04/16/2026 | Press release | Archived content
WASHINGTON, D.C. - On April 16, 2026, Congresswoman Alma S. Adams, Ph.D. (NC-12), Member of the House Agriculture Committee, released the following statement after questioning Commodity Futures Trading Commission (CFTC) Chairman Michael Selig at a Committee hearing:
"Today's hearing raised serious and unanswered questions about the direction of the CFTC under Chairman Selig's leadership - and the American people, farmers, and investors deserve straight answers.
"First, I am deeply concerned that Chairman Selig has indicated a willingness to advance major new regulations without a full complement of commissioners in place. Rulemaking of this magnitude requires the full deliberative process the agency was designed to carry out - not unilateral action by a single sitting commissioner.
"Second, when I pressed the Chairman on what specific rule changes have already been made to help farmers and producers, his response was vague at best. If rules affecting American farmers and ranchers have been changed, those changes must go through proper notice-and-comment procedures. Bypassing that process is not just a procedural concern - it is a matter of transparency and accountability to the very producers this agency is supposed to serve.

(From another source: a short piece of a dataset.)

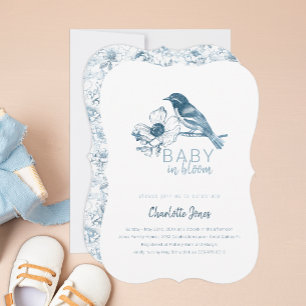 Baby in Bloom Blue Floral Baby Shower Invite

"Third, I find it troubling that when a private trading platform like Robinhood has taken voluntary steps to protect its customers from manipulative 'mention contracts,' the CFTC has yet to act. The Chairman's repeated deferrals to the rulemaking process cannot become a shield against addressing clear and present risks to market integrity. These are contracts already trading on registered U.S. exchanges, and the CFTC has both the authority and the obligation to act.

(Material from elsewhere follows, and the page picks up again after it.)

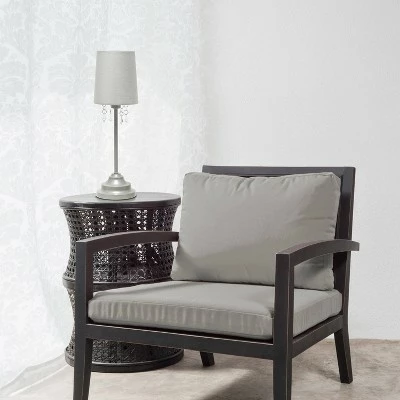 Table Lamp with Fabric Shade and Hanging Acrylic Beads Gray - Simple Designs 4 Table Lamp with Fabric Shade and Hanging Acrylic Beads Gray - Simple Designs - Image 4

"Finally, I am alarmed that it has now been more than six months since the close of Fiscal Year 2025 - which ran from October 1 through December 31 - and the CFTC has still not published its annual enforcement report, a document that would primarily reflect the record of Chairman Selig's predecessor. When I asked the Chairman directly whether it was his decision to withhold that report, he did not give a clear answer. The public has a right to know who made this decision and why. Delaying or suppressing an enforcement report is not consistent with the zero-tolerance policy the Chairman claims to uphold.
Transparency, accountability, and due process are not bureaucratic inconveniences - they are the foundation of a market watchdog that the American people can trust. I will continue pressing the CFTC for answers."